# diy shooting sticks



## dandu005 (Mar 20, 2011)

I use two full length wood shafts, put side by side and put a rubber band around them wrapped multiple times 2 inches or so down from one end. Works great as a bipod that I use to cradle the ol 22-250 when hunting 'yotes.


----------



## codykrr (Feb 6, 2011)




----------



## Tunaboy (Oct 3, 2004)

Archery or gun?


----------



## swampboss (Sep 8, 2009)

I made some a few years back from an old crappie jig pole. I had a ground blind set up for my son during rifle season to ground hunt and needed them for a long lane on one side. It was the kind that telescope out.
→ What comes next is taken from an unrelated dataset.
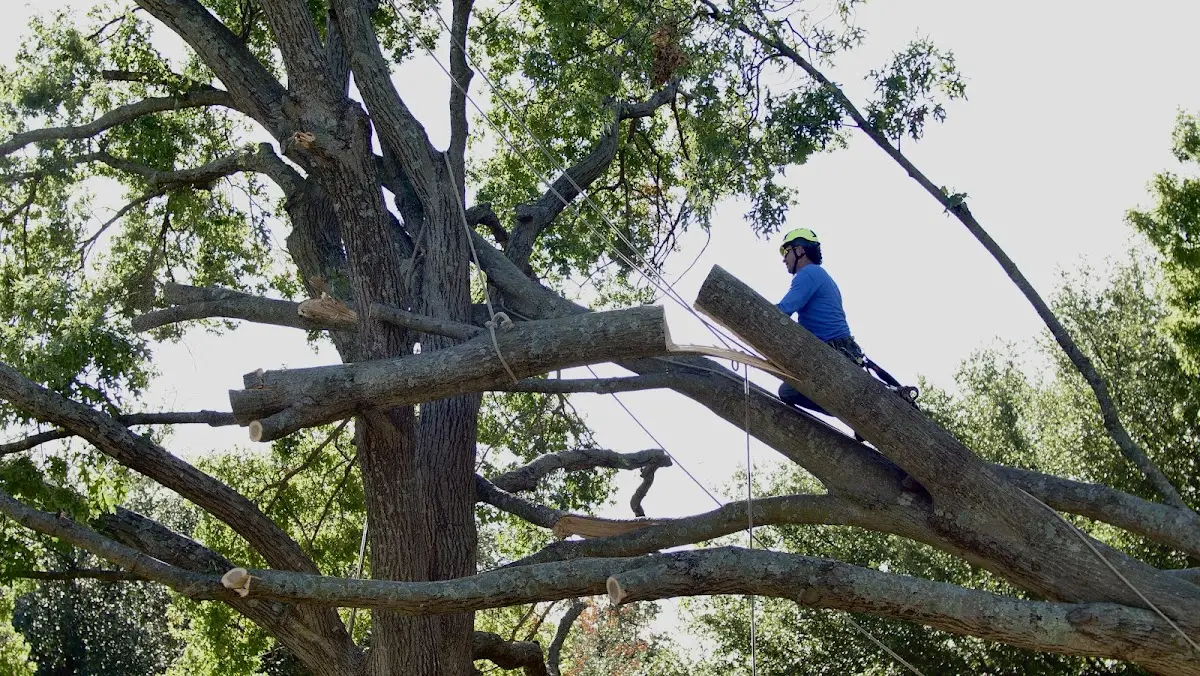 Professional Hazardous Tree Removal performed by certified arborists in Warners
I took the two lower sections that were about 4 feet long and held them in the X position and used about 20 wraps of electrical tape in a crisscross on the joint about 4inches from the top. The tape will flex to fold down and holds them in place when you spread them out to shoot. You are able to adjust the height by spreading the legs . They are super light and durable and were the best price .... free !


----------



## jschulz70 (Dec 22, 2008)

Made these from fiberglass electric fence posts, castrating rings, & 1/8" sticky back foam. I also made some out of replacement tent poles with the internal bungee cords. They can be broken down & put in a back pack, but I don't have a pic of them.


----------



## kevinfoerster (Jul 10, 2009)

take two landscaping stakes, 4 feet long, line them up front and back, drill a hole through them both, put a bolt through them, and put a wing nut on the back somewhat tight, but loose enough so they will still open.


----------



## Sideways (Feb 13, 2006)

I read somewhere before where someone used the length of a hockey stick by ripping it down the middle then crossing and bolting the 2 halves back together.


----------



## gmwilkes (Apr 14, 2010)

i wiould say i would use a nut on the backside of the bolt that has the coating inside of it to hold it in place but still staying loose enough to use as a hinge... hope this helps.


----------



## mathewsulmx (Apr 3, 2010)

I took two half inch thick dowls and drilled a hole between both and bolted them together. Work great for me. Actually made two sets.


----------



## BrianD (Sep 28, 2009)

Half inch pvc however long you want and a drywall hanger.


Message spread by Paul Revere


----------



## nr33607 (Nov 6, 2011)

jschulz70 said:


> Made these from fiberglass electric fence posts, castrating rings, & 1/8" sticky back foam. I also made some out of replacement tent poles with the internal bungee cords. They can be broken down & put in a back pack, but I don't have a pic of them.


I made a set also out of the replacement tent poles, all I used to connect them together was one of the ends off the old solid rubber bungee chord. I also made a tripod out of bamboo stakes from the home improvement store and tied them togeter with a strip of bicycle innertube.


----------